> _WHAT YOU SHOULD DO_: Every entry below should be reproduced exactly, with all pictures left out.

> _DATA_:
::::
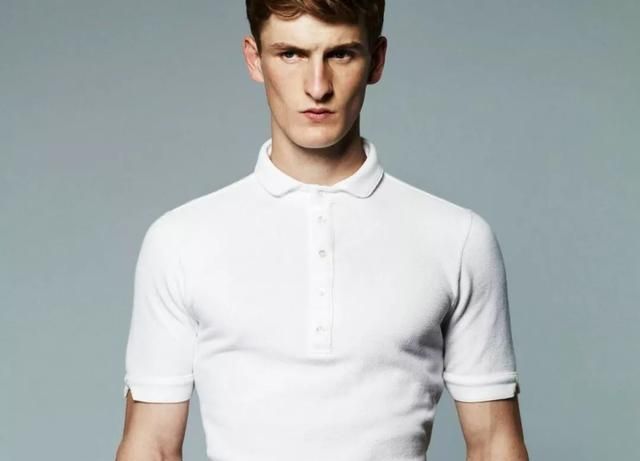 不会穿polo衫,穿polo衫很土吗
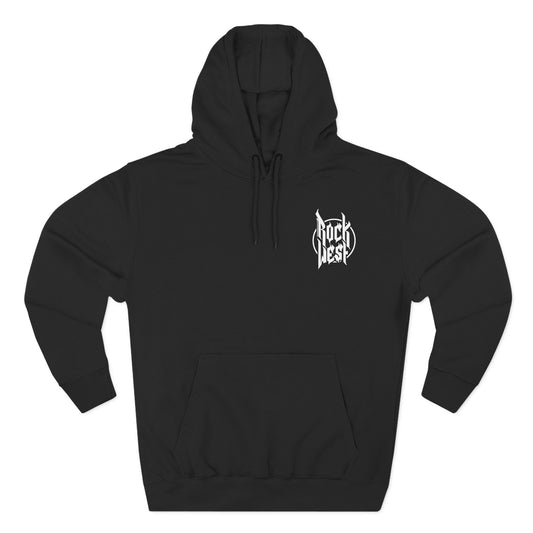 Rock Hoodie — Heavy Metal Skull Graphic Pullover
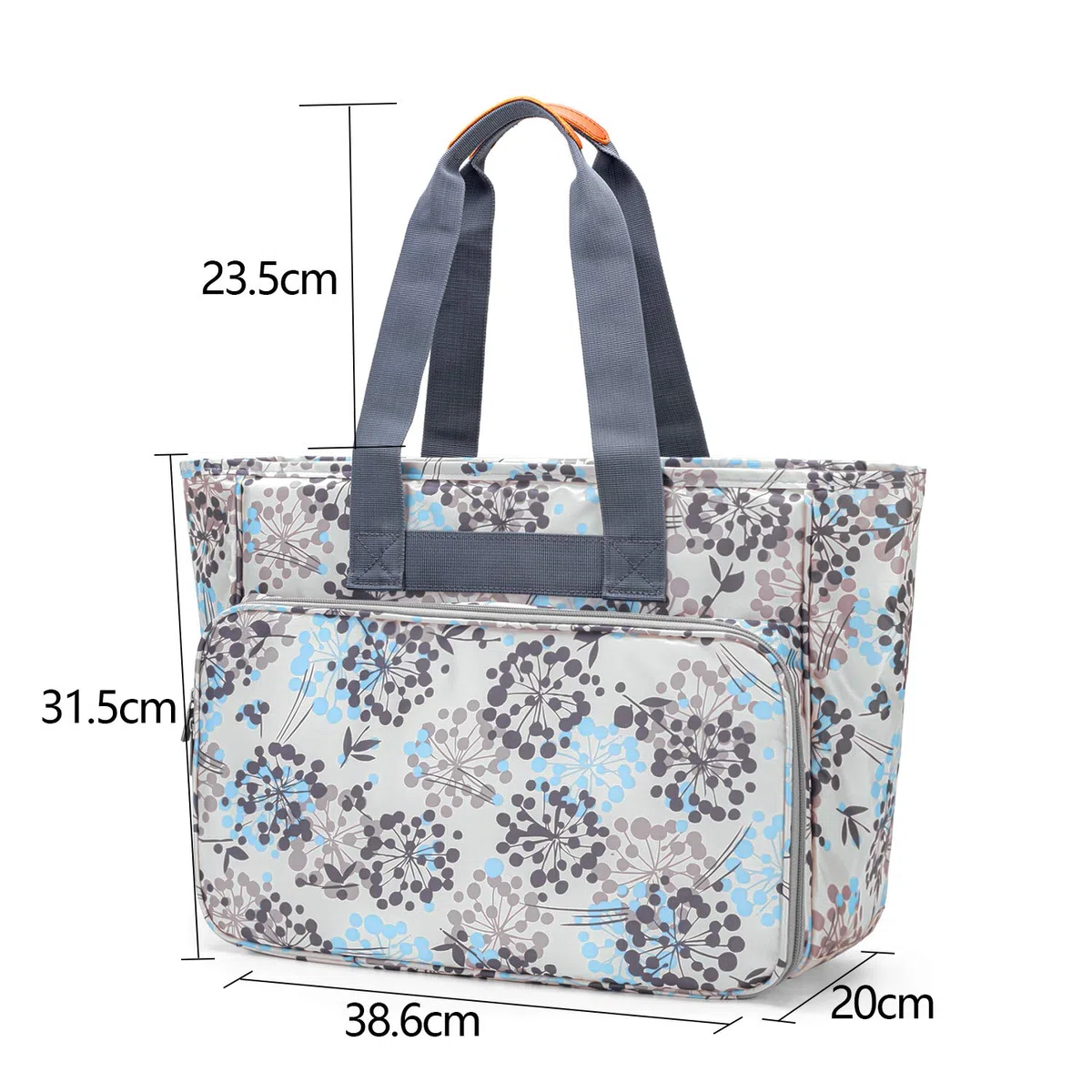 Yarwo Ricamo Starter Kit Organizzatore, Borsa per Starter Kit Filo da Ricamo, Borse da Trasporto per Telaio da Ricamo, Fili per Ricamo o Altre Forniture per Ricamo
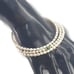 Vintage Freshwater Rice Pearl Choker Necklace Adjustable Wire 24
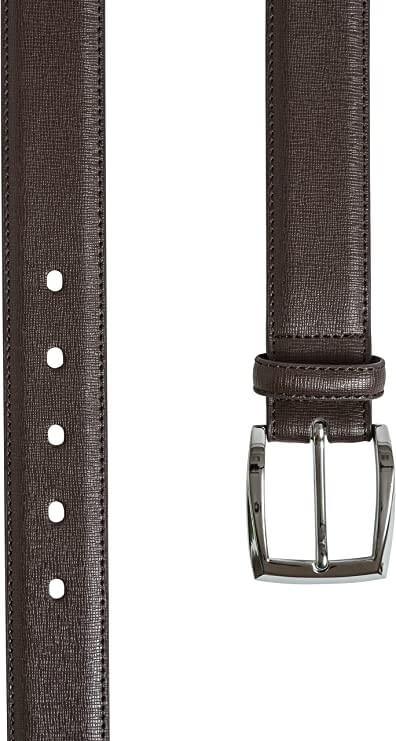 Doshi Professional 1 Crossgrain Vegan Belt - NF (Only in Brown, sizes: 28, 34-44)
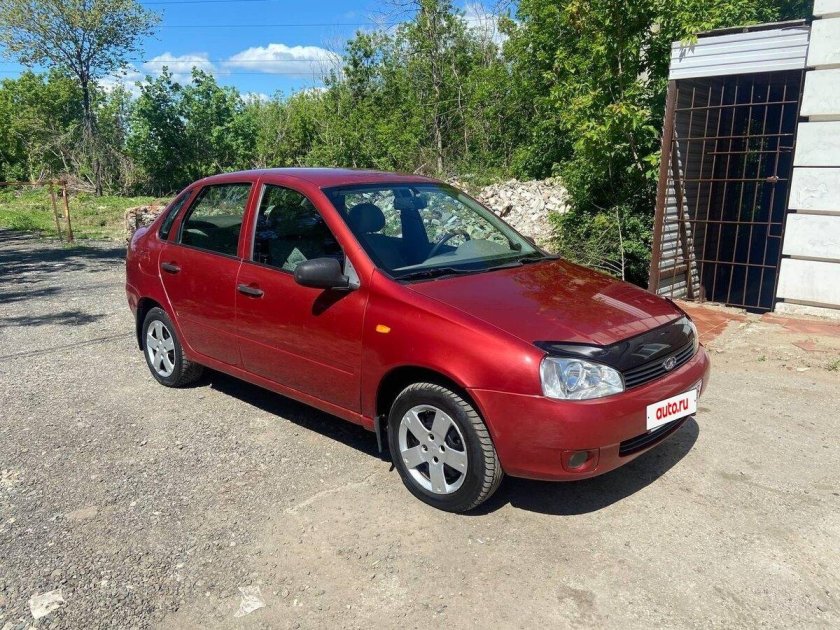 Лада калина седан 2009 года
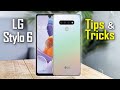 LG Stylo 6 Tips and Tricks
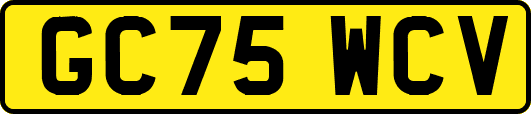 GC75WCV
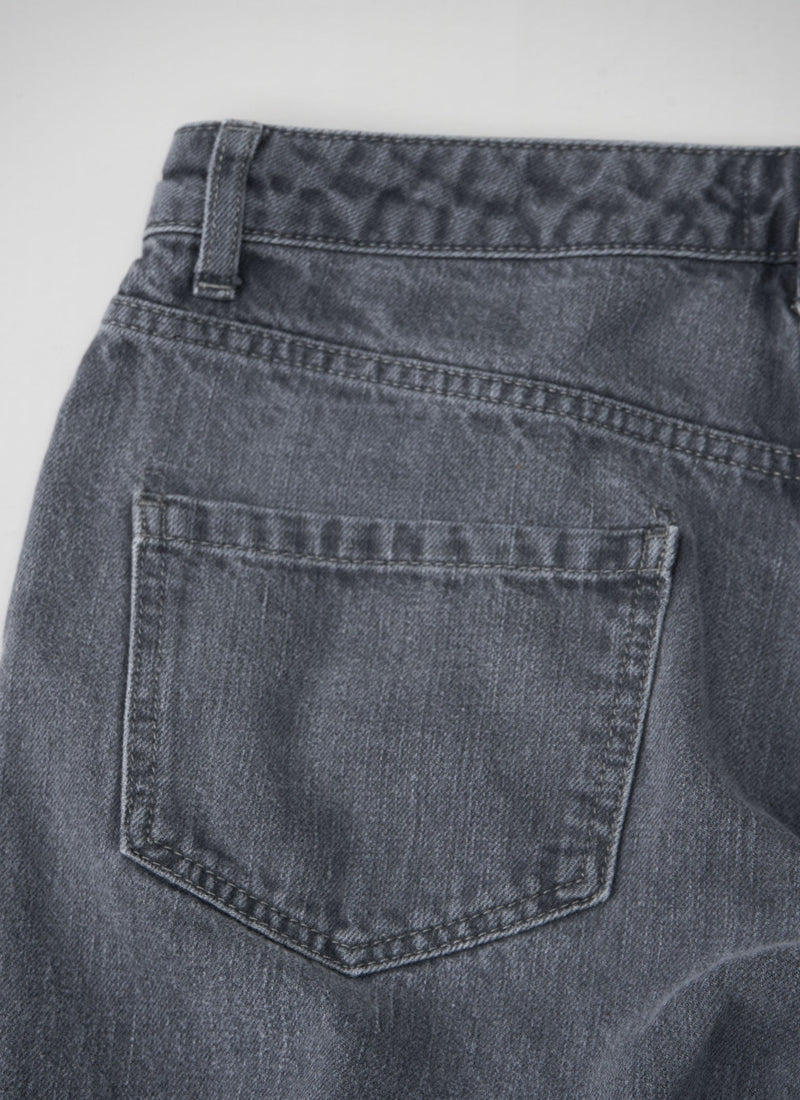 Reworn Boy Jean Size 12 (102) | Grey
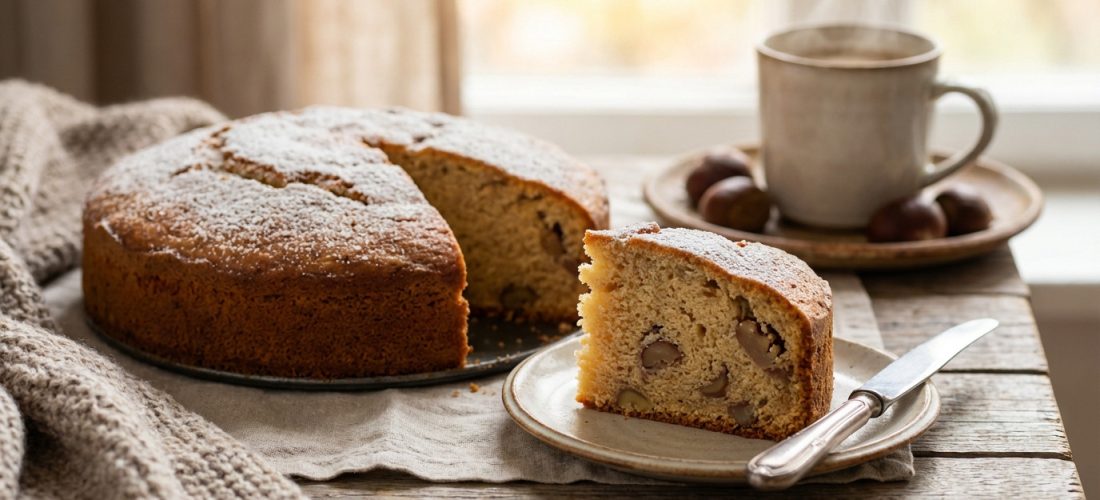 delicious-chestnut-cake-and-coffee-comfort
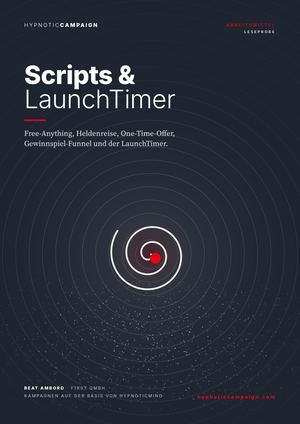 Hypnotic Campaign Leseprobe 06 Scripts Und Launch Timer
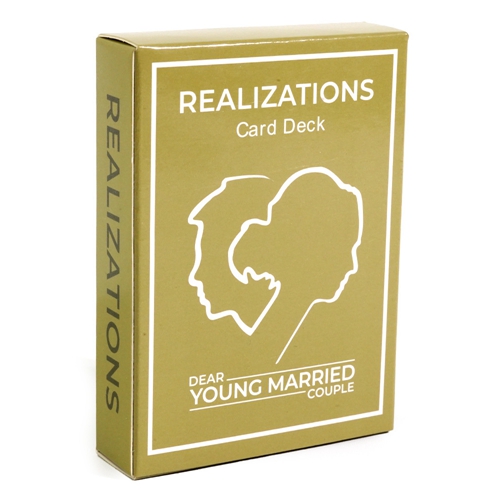 Realizations Card Game Dear Young Married Couple Wedding Gift Road Trip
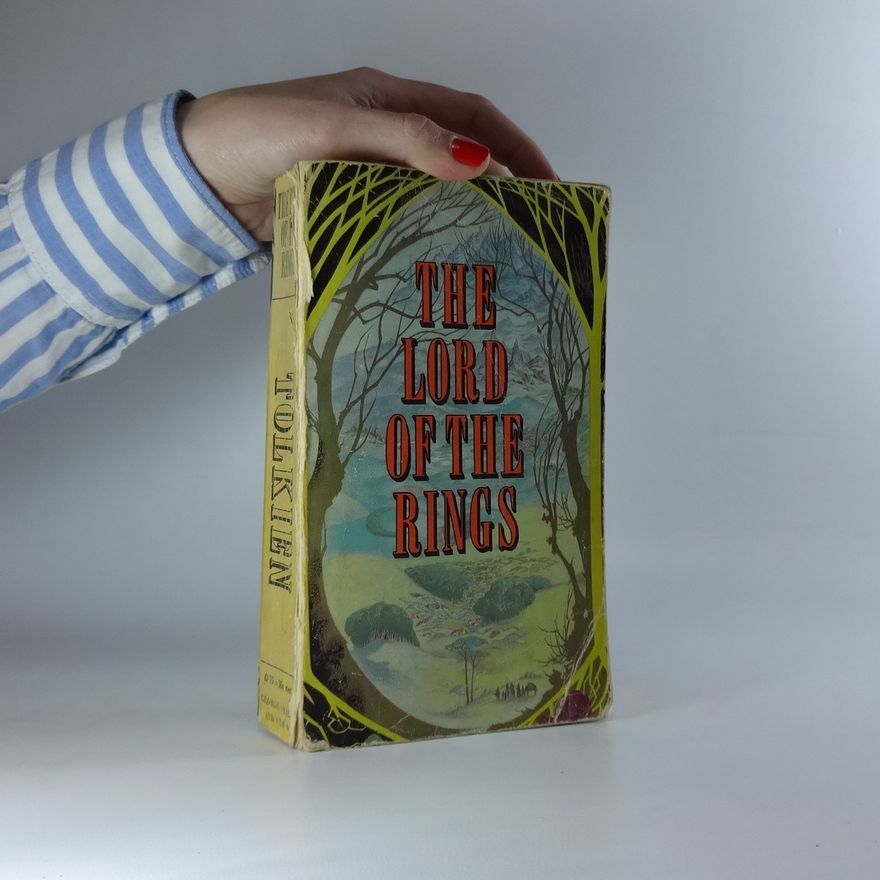 J. R. R. Tolkien The Lord of the Rings (3 díly v jednom svazku)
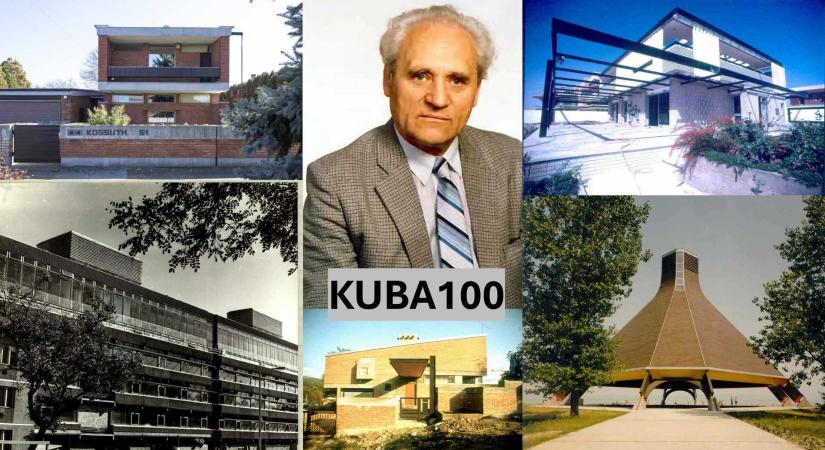 Egy nyughatatlan elme centenáriuma: 100 éves dr. Kuba Gellért építész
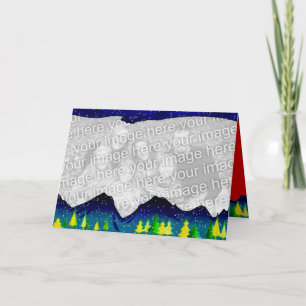 Customizable Holidays Card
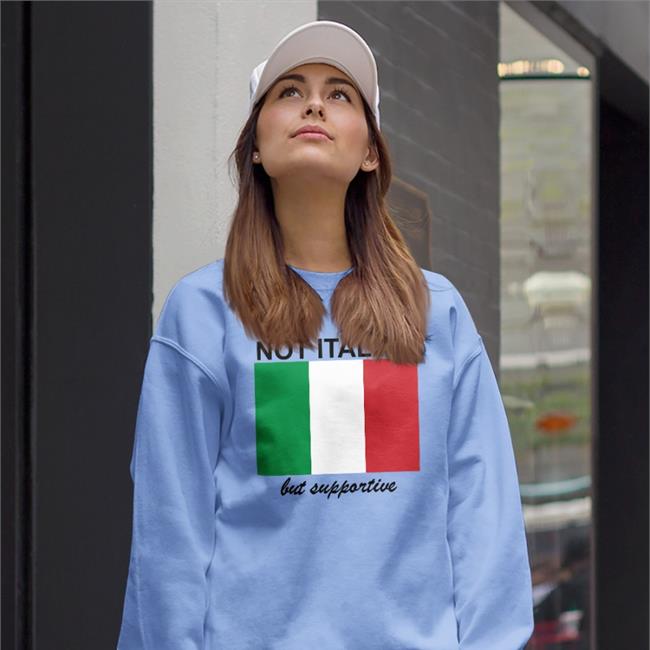 Shitheadsteve Store Not Italian But Supportive Shirt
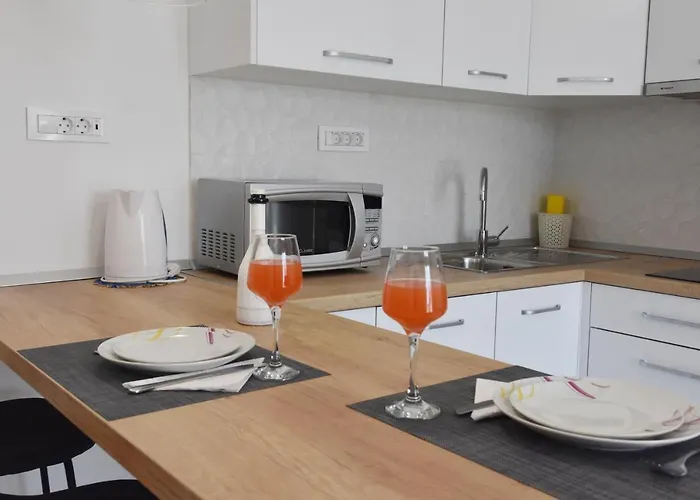 Vanja Apartamento Podgora (Split-Dalmatia)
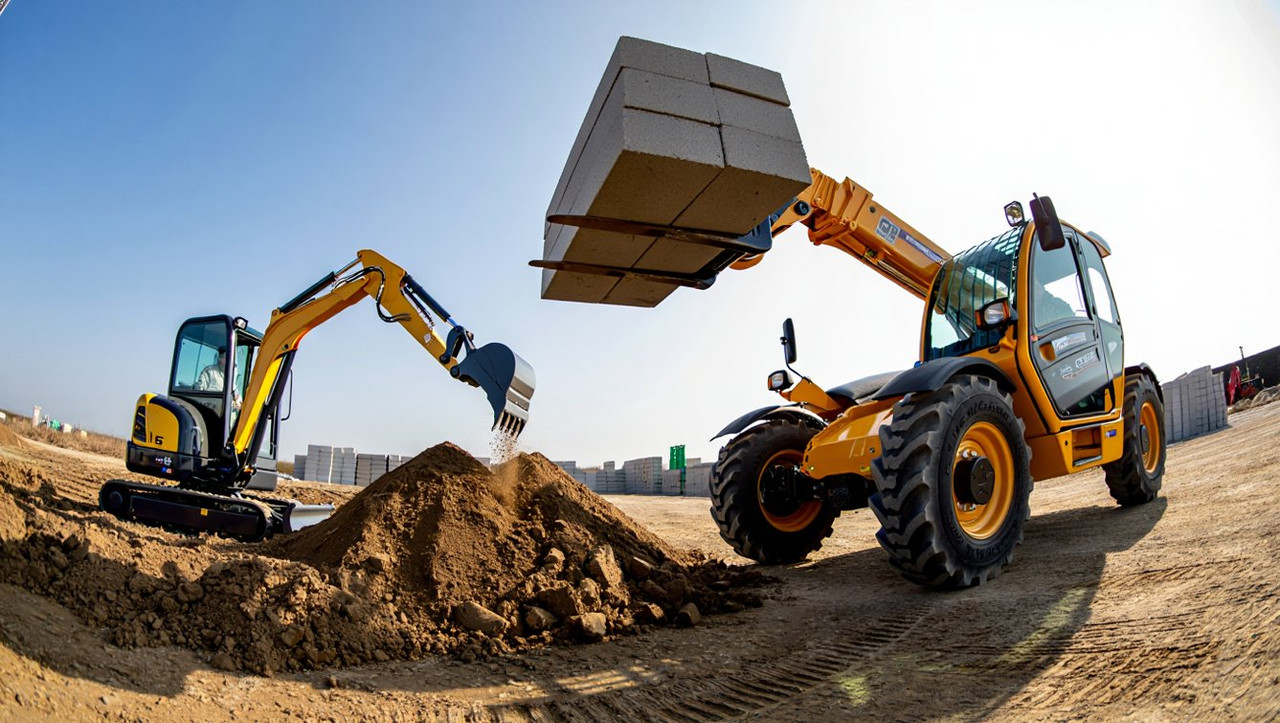 критерии выбора строительной техники сравнение спецтехники для стройки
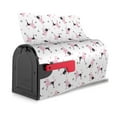 thumbnail image 2 of Kdxio Magnetic Mailbox Cover 25.5x21 in Mailbox Cover Outdoor Decoration Holiday Mailbox Covers for Home Garden Yard-25.5x21 in, 2 of 8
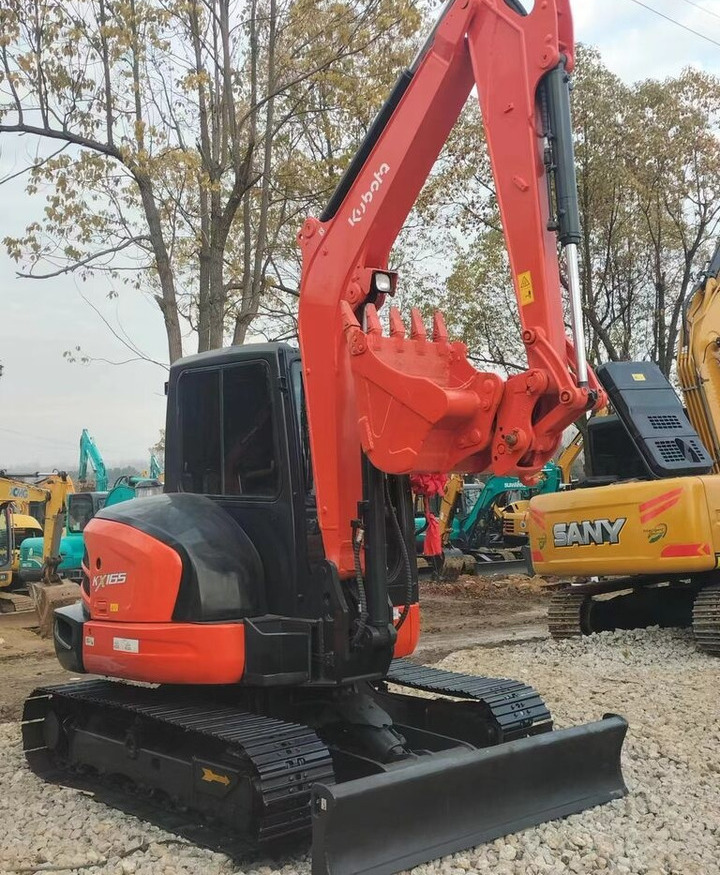 Kubota KX165 - Mini rýpadlo: obrázok 5 Kubota KX165 - Mini rýpadlo: obrázok 5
::::
> _ANSWER SECTION_:
 不会穿polo衫,穿polo衫很土吗
 Rock Hoodie — Heavy Metal Skull Graphic Pullover
 Yarwo Ricamo Starter Kit Organizzatore, Borsa per Starter Kit Filo da Ricamo, Borse da Trasporto per Telaio da Ricamo, Fili per Ricamo o Altre Forniture per Ricamo
 Vintage Freshwater Rice Pearl Choker Necklace Adjustable Wire 24
 Doshi Professional 1 Crossgrain Vegan Belt - NF (Only in Brown, sizes: 28, 34-44)
 Лада калина седан 2009 года
 LG Stylo 6 Tips and Tricks
 GC75WCV
 Reworn Boy Jean Size 12 (102) | Grey
 delicious-chestnut-cake-and-coffee-comfort
 Hypnotic Campaign Leseprobe 06 Scripts Und Launch Timer
 Realizations Card Game Dear Young Married Couple Wedding Gift Road Trip
 J. R. R. Tolkien The Lord of the Rings (3 díly v jednom svazku)
 Egy nyughatatlan elme centenáriuma: 100 éves dr. Kuba Gellért építész
 Customizable Holidays Card
 Shitheadsteve Store Not Italian But Supportive Shirt
 Vanja Apartamento Podgora (Split-Dalmatia)
 критерии выбора строительной техники сравнение спецтехники для стройки
 thumbnail image 2 of Kdxio Magnetic Mailbox Cover 25.5x21 in Mailbox Cover Outdoor Decoration Holiday Mailbox Covers for Home Garden Yard-25.5x21 in, 2 of 8
 Kubota KX165 - Mini rýpadlo: obrázok 5 Kubota KX165 - Mini rýpadlo: obrázok 5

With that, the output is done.